Black, white and gray lists on guard of enterprise security

    In the last article, we introduced you to the work of the built-in spam filter in the Zimbra Collaboration Suite, which allows you to reliably protect your company from receiving infected messages and emails that are not related to business correspondence. But what to do in cases where the company is subjected to a targeted attack by attackers, part of which is composed of letters using social engineering techniques, the use of trusted mailboxes or even a DoS attack on the mail server? The salvation from these troubles can be the creation of white, black and gray lists.

    Creating a blacklist can help reliably protect against these types of attacks, when attackers gain control over the mail of a reliable counterpart of your organization and start sending out infected excel files or archives with supposedly new requisites, invoices, and so on. If you have time to add mail to the counterparty to the blacklist, you can reduce the effect of the intruders to zero. Let's take a look at how this works in the Zimbra Collaboration Suite.

    Black and white lists in Zimbra can be formed on two levels at once. For example, a ban on receiving mail can be set in the Amavis software interface, which is built into the ZCS and is responsible for filtering mail. In addition to separating business letters from spam according to various indirect signs, Amavis also sends letters for analysis to SpamAssassin spam filter and ClamAV antivirus.

    In Amavis, you can add to the white and black lists not only individual mailboxes and entire domains, but also individual ip-addresses and even entire subnets. In order to block or allow a mailbox or domain, you must first create the whitelist and / or blacklist files in the / opt / zimbra / conf / folderand then add to them email addresses or domains that you are going to allow or block.

    $ cat / opt / zimbra / conf / whitelist

    $ cat / opt / zimbra / conf / blacklist

    After that, you need to add two lines to the /opt/zimbra/conf/ file with the rule for checking previously created files.

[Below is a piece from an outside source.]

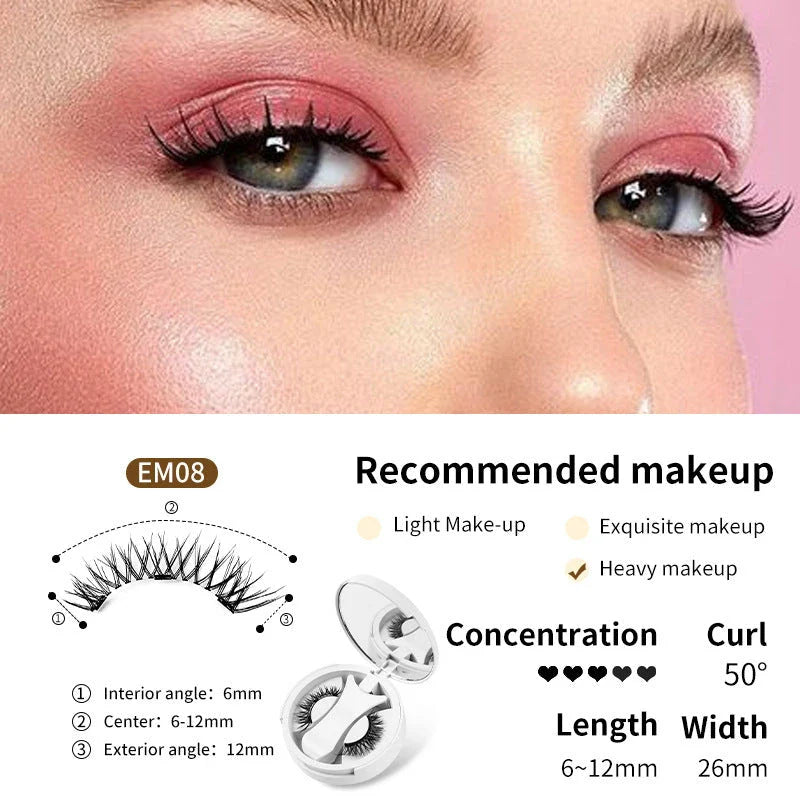 Magnetic false eyelashes with storage box, glue-free and natural-looking lash enhancement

    read_hash (\% whitelist_sender, '/ opt / zimbra / conf / whitelist');
    read_hash (\% blacklist_sender, '/ opt / zimbra / conf / blacklist');

    After saving all changes, you must restart Amavis.

    # su - zimbra -c "zmamavisdctl restart"

    If you have trusted networks, for example, an enterprise local area network or a remote branch subnet for which you would like to disable anti-virus and anti-spam checks, then Amavis can also help you to do this. First of all, you need to activate the initially disabled bypass checks for selected ip-addresses and subnets with the help of a special command and restart Amavis and related programs.

    $ zmprov mcf zimbraAmavisOriginatingBypassSA TRUE
    $ zmantispamctl restart
    $ zmantivirusctl restart
    $ zmamavisdctl restart

    Add to the list of trusted subnets using the following command

    $ zmprov ms `zmhostname` zimbraMtaMyNetworks ''

    You can check the current list of trusted networks using the following commands:

    $ postconf mynetworks
    $ zmprov gs `zmhostname` zimbraMtaMyNetworks

    You can block ip-addresses in Zimbra even at the Postfix level. This method helps to protect the server from DoS attacks. Detailed instructions are set out in a previous article .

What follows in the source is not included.